**WHAT IS NEEDED**
Under this line are records; the part from the line containing "Swan Lake Easy" through the line containing "Ein schwarzes rechteckiges" should be repeated exactly. Please exclude pictures.

Short web captions:
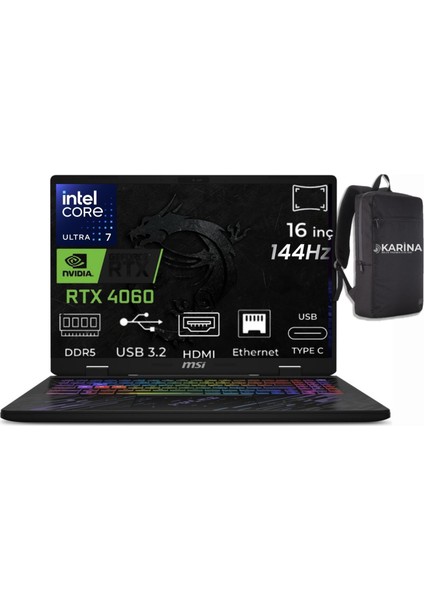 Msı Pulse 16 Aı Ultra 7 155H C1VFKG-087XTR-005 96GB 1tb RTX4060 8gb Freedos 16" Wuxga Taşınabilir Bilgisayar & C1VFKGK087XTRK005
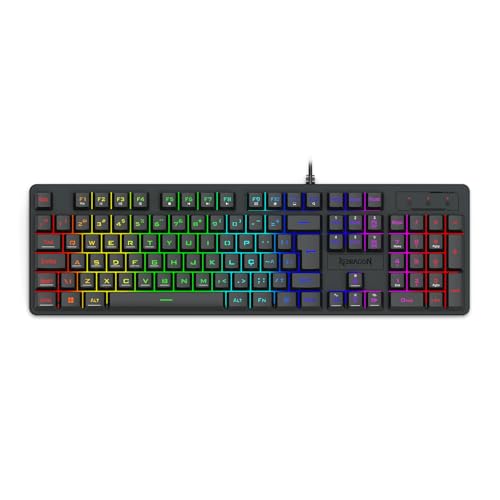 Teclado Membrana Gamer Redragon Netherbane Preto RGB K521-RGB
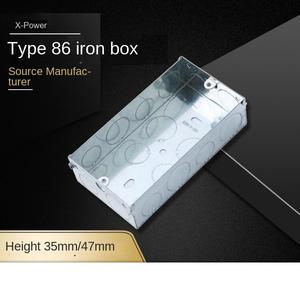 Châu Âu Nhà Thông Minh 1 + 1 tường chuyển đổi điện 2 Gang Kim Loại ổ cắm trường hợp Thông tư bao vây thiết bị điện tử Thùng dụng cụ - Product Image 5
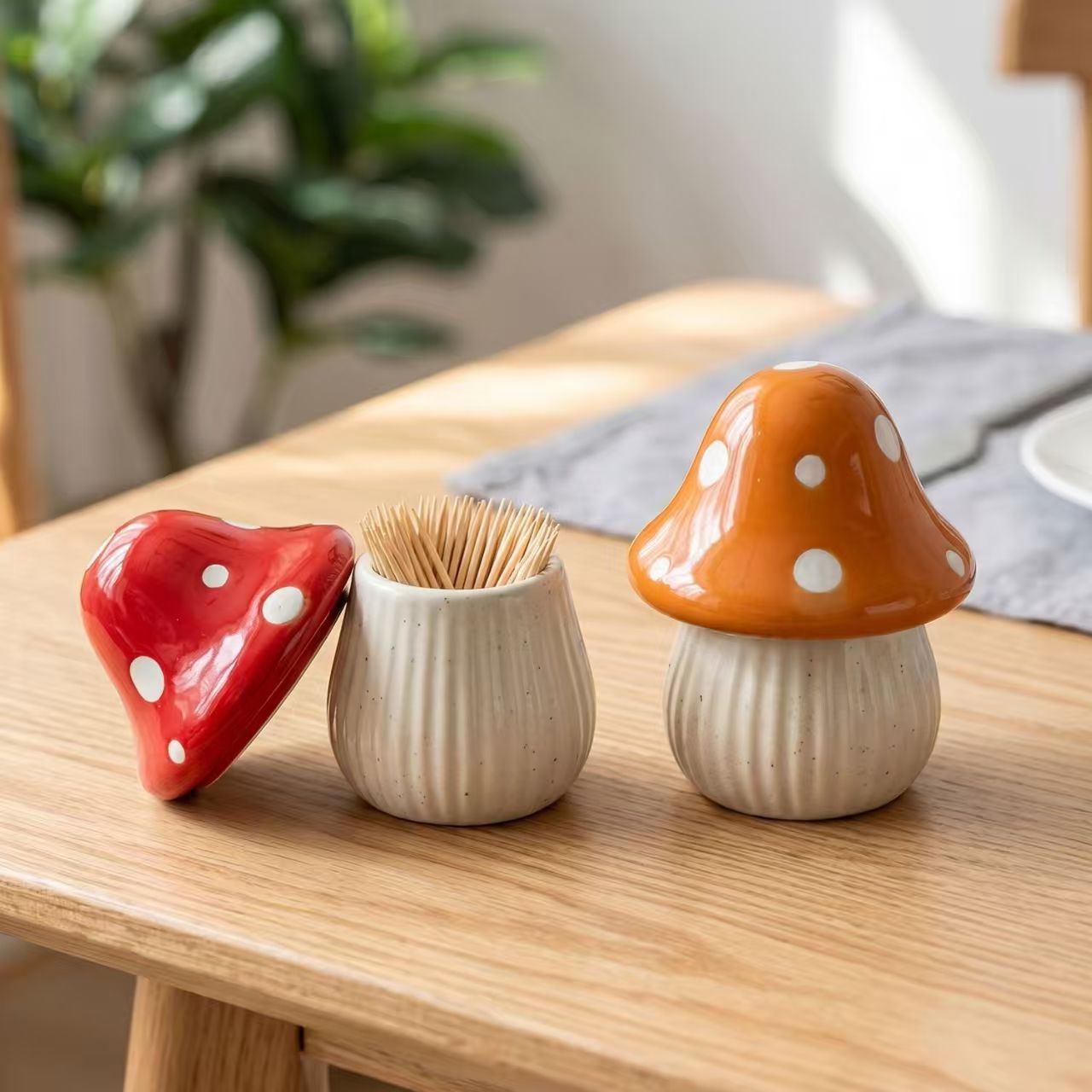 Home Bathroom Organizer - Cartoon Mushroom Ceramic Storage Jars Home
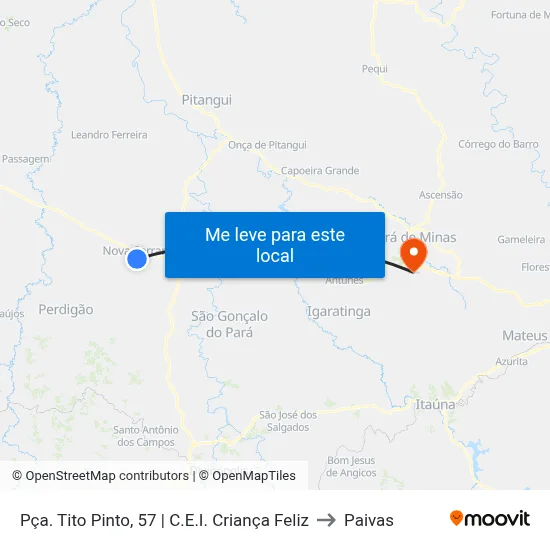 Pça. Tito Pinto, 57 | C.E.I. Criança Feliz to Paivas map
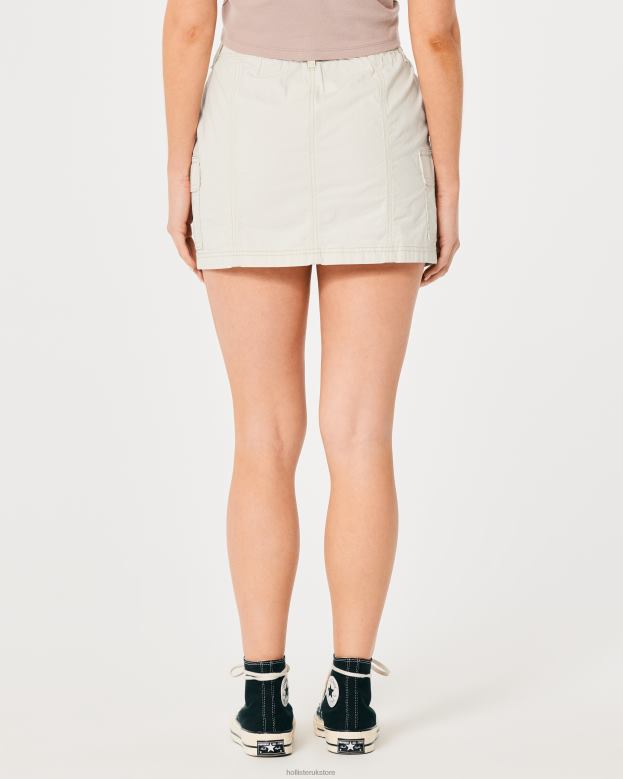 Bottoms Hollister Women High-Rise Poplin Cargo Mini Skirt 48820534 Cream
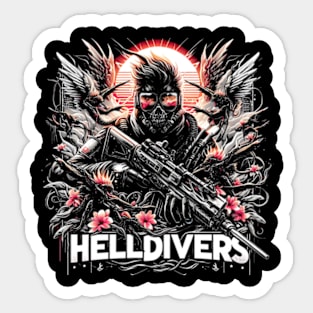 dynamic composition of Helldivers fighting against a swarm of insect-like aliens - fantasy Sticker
==
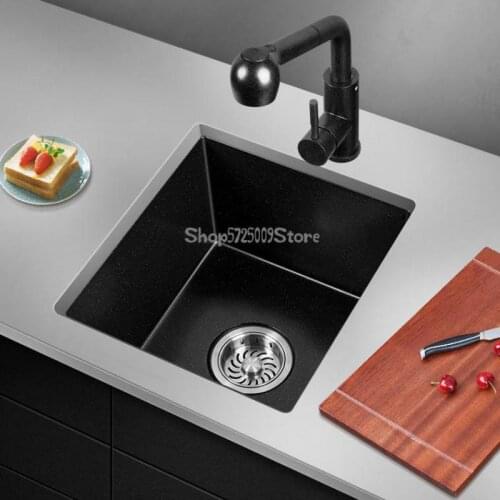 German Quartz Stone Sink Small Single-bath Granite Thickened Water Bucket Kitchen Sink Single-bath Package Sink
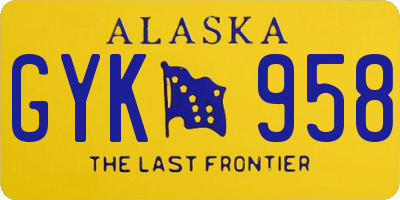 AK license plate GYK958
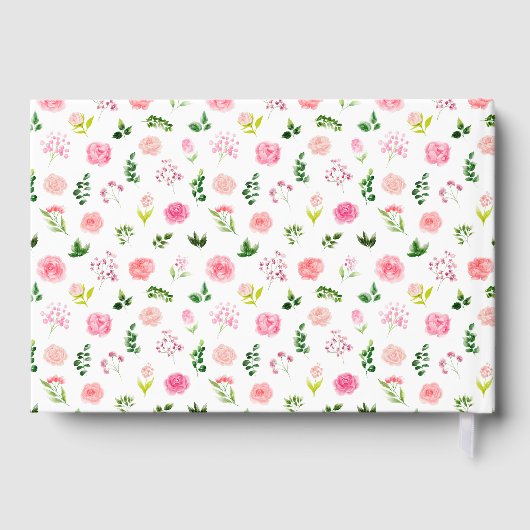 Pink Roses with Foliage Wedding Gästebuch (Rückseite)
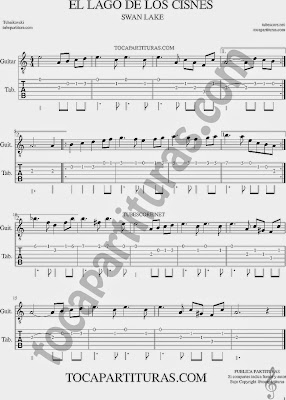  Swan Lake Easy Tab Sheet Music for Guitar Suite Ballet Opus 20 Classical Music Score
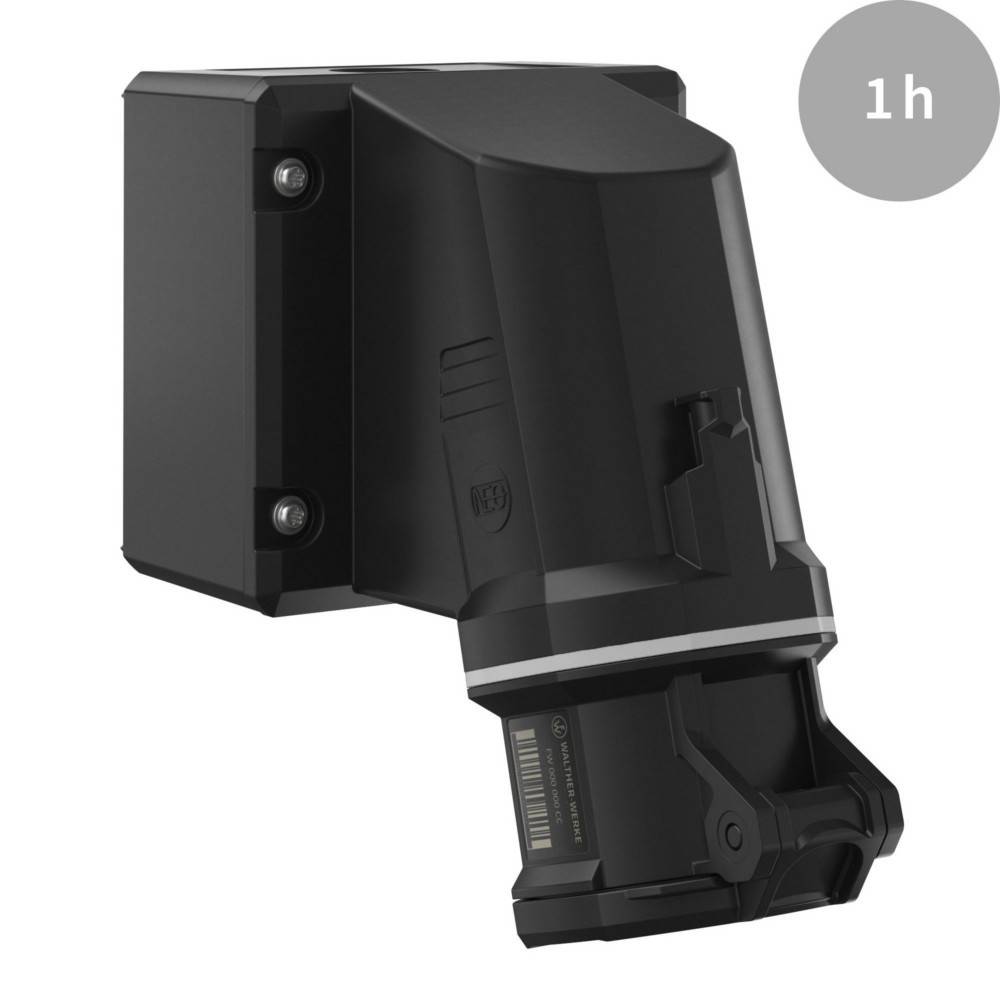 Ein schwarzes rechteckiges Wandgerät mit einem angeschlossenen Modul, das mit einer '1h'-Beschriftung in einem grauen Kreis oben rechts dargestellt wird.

**EXERCISE OUTPUT**
  Swan Lake Easy Tab Sheet Music for Guitar Suite Ballet Opus 20 Classical Music Score
 Ein schwarzes rechteckiges Wandgerät mit einem angeschlossenen Modul, das mit einer '1h'-Beschriftung in einem grauen Kreis oben rechts dargestellt wird.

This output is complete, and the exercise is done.